- **Assigned task**
Leaving the pictures aside, repeat each line below exactly.

- **Information supplied**

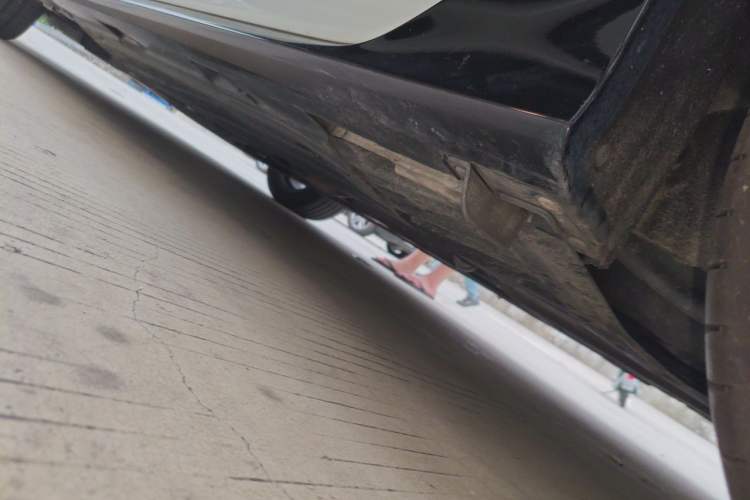 Used Honda Civic 2021 HATCHBACK 220TURBO Manual Driving Pleasure Control Chassis Rear Left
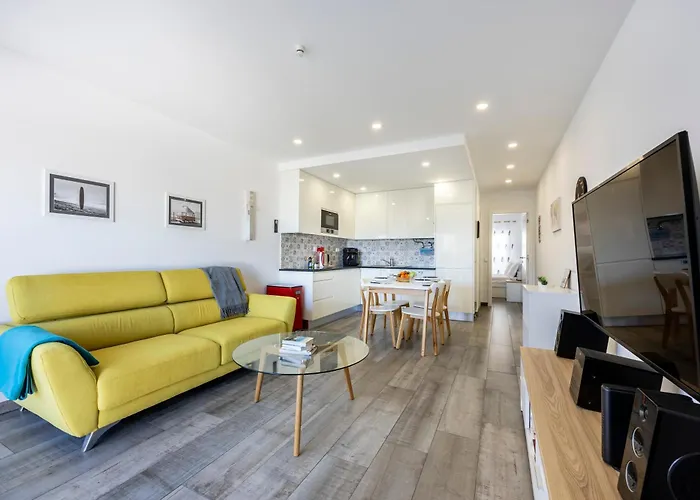 Waterside Village - Oceanview Dream Appartement *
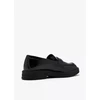 Calvin Klein mokasinai, žemo kirpimo bateliai, V3X4-83181-1453999, JUODA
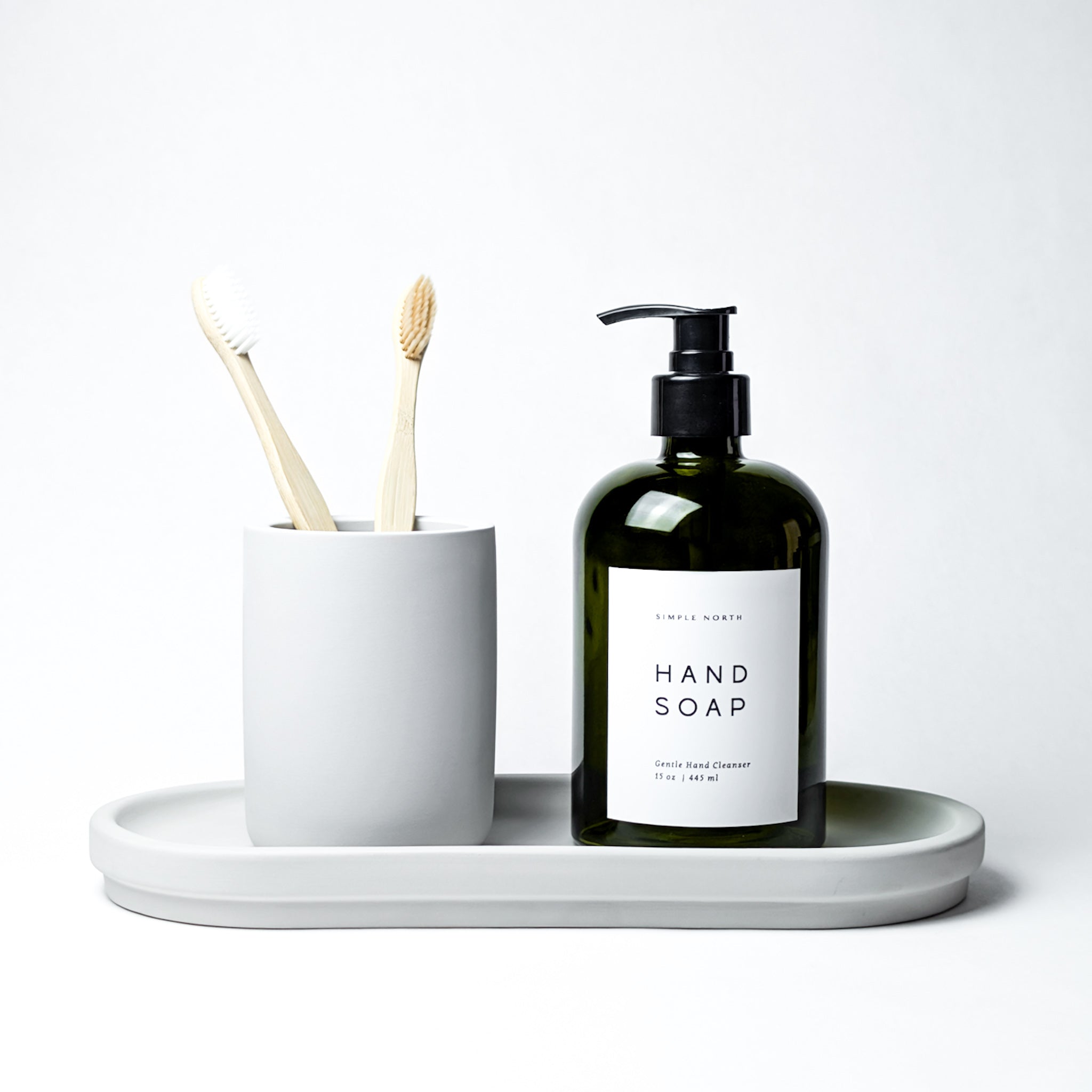 Hand Soap Dispenser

- **Reply to the task**
 Used Honda Civic 2021 HATCHBACK 220TURBO Manual Driving Pleasure Control Chassis Rear Left
 Waterside Village - Oceanview Dream Appartement *
 Calvin Klein mokasinai, žemo kirpimo bateliai, V3X4-83181-1453999, JUODA
 Hand Soap Dispenser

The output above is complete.